I could go on and on and on, but I feel like the point is clear.  The Bible tells me I am to love my neighbors AS MYSELF.  It doesn't say neighbors I agree with or that share my religious beliefs or sexual orientation or political view..... It says AS MYSELF.  And I know that if I was forced to leave everything I knew and loved, everything I had spent my life building because crazy people came and made things so unsafe there was no other option but to flee, I would PRAY and DESIRE for someone to care and to come and to love on me and my kids.  To be the blessing we needed in those dark, dark days.  To meet needs we could not possibly meet in our given circumstances.  To believe in me and to care enough to be inconvenienced until I was able to make heads or tails of the chaos that had been inflicted upon me and my family.  And since I know that is what I would want for me, and because I believe the Bible is true and Jesus didnt make a mistake in its writing, the only reasonable conclusion I can draw is that it is a SIN to see my neighbors around the world suffering and to care more about my comfort and conveniences than about them.

If their suffering does not move me to sacrifice and action, I. Am. Wrong.

And so, this is the frame of mind I am in when the Lord meets as I am crying out to Him about all I am seeing and feeling and wanting Him to fix.  And His response is so clear.

"Jordan, my plan is that this will be My Peoples finest hour.  Light shines brightest in the DARK.  I know things seem dark now, but be assured I have given My people, who are called by My name, every thing they need to shine brightly in these dark days.  If they will rise up and stand alongside their brothers and sisters in the world who are hurting... If they will be inconvenienced for the sake of the Gospel they say they believe, more people will SEE ME CLEARLY that you can even comprehend.  I haven't left you.  I haven't left them.  I am here in the darkness, loving even those who do not yet know Me, and encouraging those who say they do to RISE UP and make me famous simply by how they LOVE the hurting and voiceless right in front of them."

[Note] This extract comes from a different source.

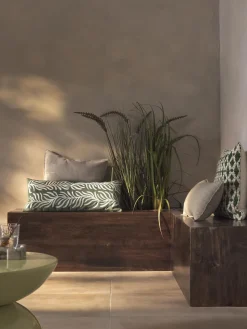 Mantas|Cojines De Exterior>Westwing Collection Funda de cojín para exterior con adorno decorativo Aryna Verde oliva, beige claro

I can not even put into words the peace that came over me when I realized the opportunity that exists for a massive global display of LOVE to emerge from these dark days.  We can all do something.  We must love our neighbor.  We do NOT need Washington to do that!  If you, like me, say you are a Christ follower, we must be inconvenienced for the sake of the Gospel we say we believe.  The time has come in our generation when we must put action to our words, and step out in faith loving people like NEVER before,  knowing the God of the universe created and loves every single Muslim, Jew, atheist, agnostic, and otherwise just as much as He loves YOU.  This is not a time to sit back and hope the world gets better.  This is the time to Love wildly and without abandon knowing the stakes have never been higher.

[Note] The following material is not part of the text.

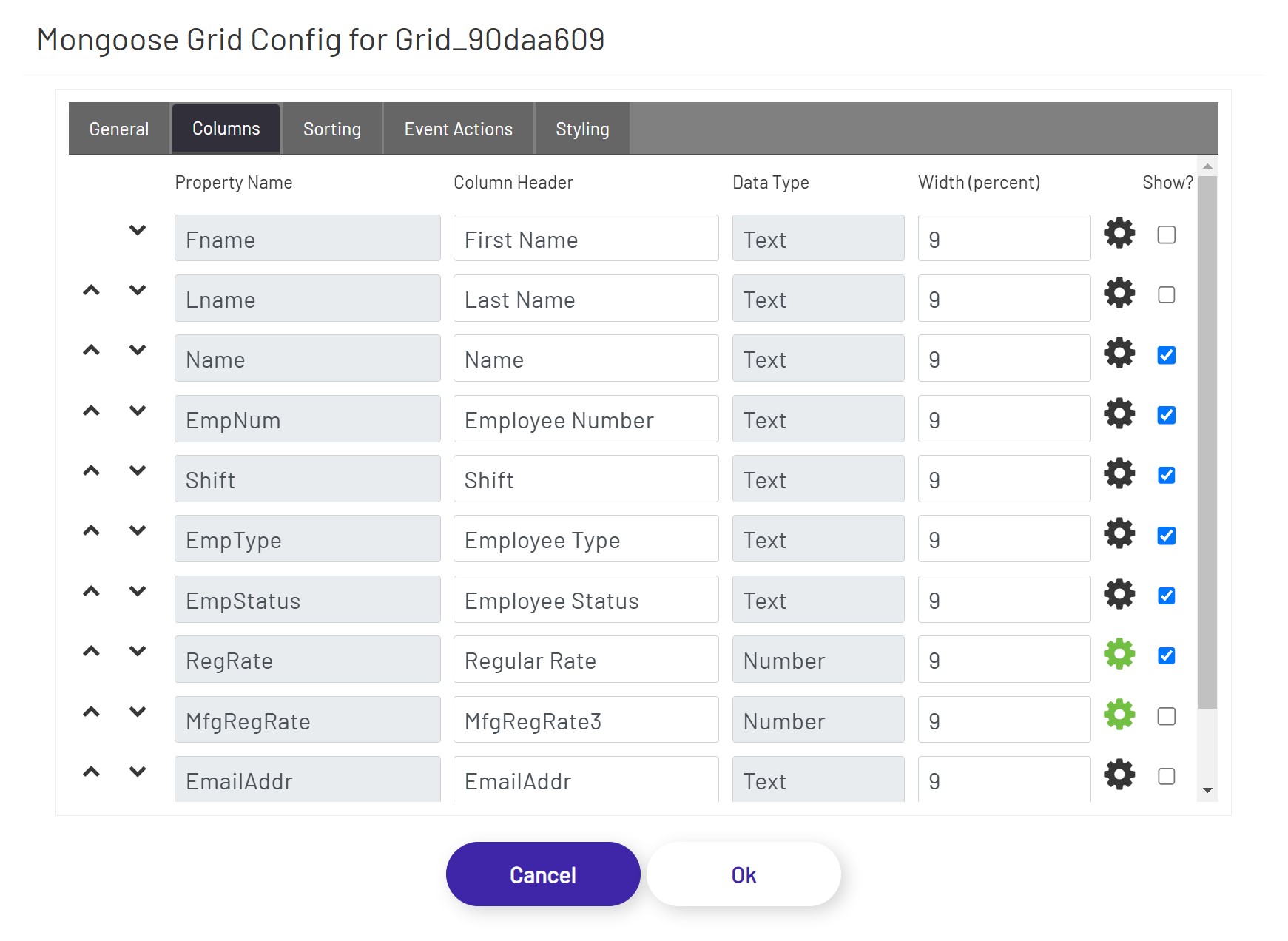 Mongoose Grid Config Columns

Our job is not to save people.  Only Jesus does that.  Our job is to LOVE THEM WITHOUT CONDITION.  And every single one of us is capable of Love.  And I do not have to agree with every decision you make in order to love you deeply.  We are all human.  Flaws are part of it.  My job is to LOVE my neighbor as I love my own flawed self.  The rest isn't up to me.

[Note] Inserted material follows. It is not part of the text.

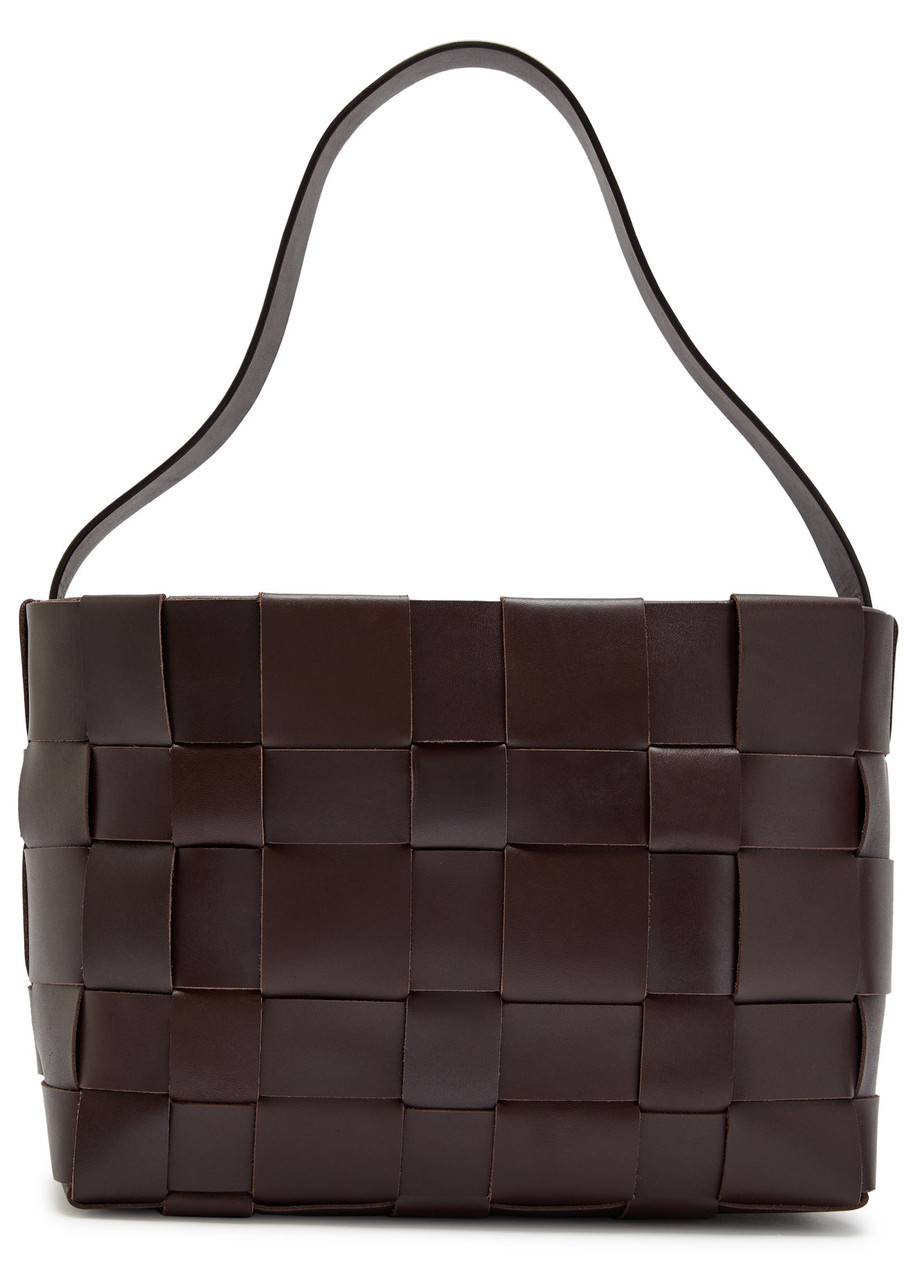 ST. Agni Woven Mini Leather Tote - Chocolate - One Size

Find an organization that is helping refugees and ask what you can do to actively help them in their efforts.  Use your business to fundraise, sell somethings you don't need and donate the money, make cards with your kids and send them along with care packages, donate gently used items to a resettlement organization in your neighborhood, and on and on the list goes... Ask the Lord to show you what you are to do, and be willing to do whatever He brings to mind.

Jennie Allen just posted a LOT of options to look into on her blog! Check out for more info!! 
http://www.jennieallen.com/can-love-refugees-today-complete-list-organizations/


If this is going to be the churches finest hour, what I can promise you is this.  You don't want to miss it because you were scared or it was too inconvenient.  Oh what a tragedy that would be!

Light shines brightest in the dark.  Have HOPE that the King is still on His throne, and then Shine Bright in these dark days my friends!!  Never ever has the world needed it more.